Eventually, though, the story decides that family is a valuable thing, even if it's ugly, broken, and insane. Without commitments and responsibilities to other people, Kate kind of says at one point, you can never have true love or a real life. Even if your family ends up as broken and mangled as these families do, it's still family.

That idea resonates with Scripture, to a point, but it also disagrees. Family is not the most important thing, as the film says. In fact, that idea is one thing that breaks families. "If family is the most important thing and mine looks like this, I need to find a new one!"

Jesus said our commitment to following Him will make our commitment to our families look like hatred by comparison. (See Luke 14:26-27.) We love our moms and dads and kids and spouses with a bit of cold-heartedness, understanding that the real reason to love them is because we love Him and not because they deserve it. If we wait for them to deserve it, we'll never truly love and forgive our family members.

That makes a huge different. Yes, the Bible agrees with the film: "Don't be like Brad and Kate!" But it's about more than just not being selfish. It's about committing ourselves to a lifelong ministry of helping make broken people better by loving them with God's love.

And we're convinced we are not doomed to repeat the pattern of our parents. God gives us the power to be different people, people like Jesus, from the inside out. That gives us a chance to be better husbands and wives and sons and daughters than we ever could be on our own.

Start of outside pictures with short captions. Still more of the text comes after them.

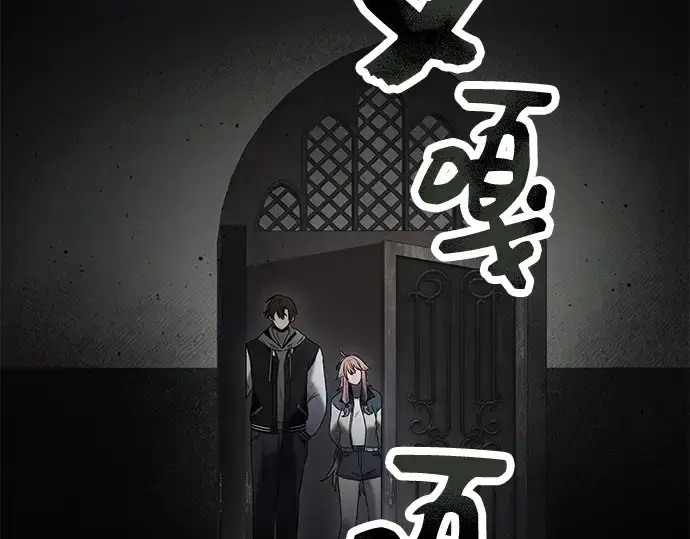 《入手神话级专属装备》第45话图164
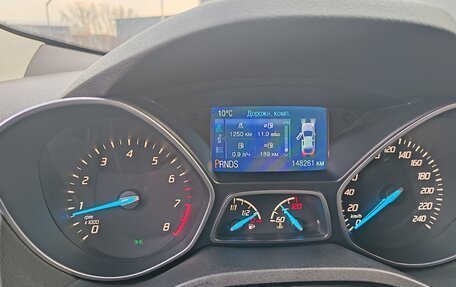 Ford Kuga III, 2015 год, 1 350 000 рублей, 12 фотография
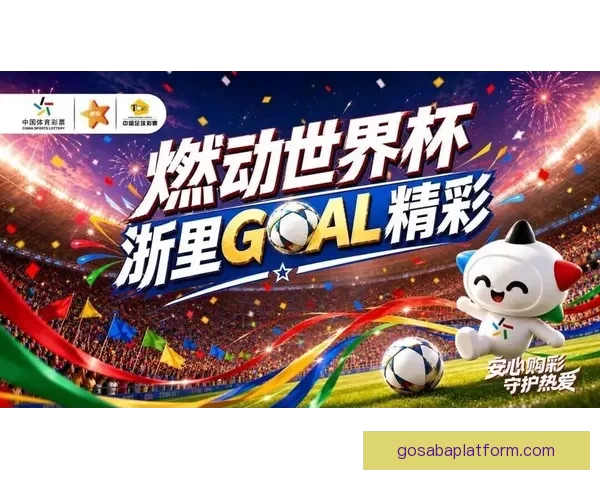 世界杯竞猜官网入口助力球迷畅玩竞猜活动尽享赛事激情 世界杯竞猜官网入口助力球迷畅玩竞猜活动尽享赛事激情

Living to serve others is messy. It does make it harder to go to Fiji for Christmas. (Boy, that sounds nice right now.) But the life of serving Jesus by serving others is the only life worth leading. So bring on the mess.

Questions:

  1. Did you dig "Four Christmases"? Are you a fan of Vaughn or Witherspoon?
  2. Of the four houses, which was the funniest? Which was the least funny? Why?
  3. Do you look forward to spending time with your extended family at the holidays? Why or why not?
  4. Do you see your life as a Christian as a ministry to broken people, including the ones you live with now?
  5. Have you ever been to Fiji? Is it nice there?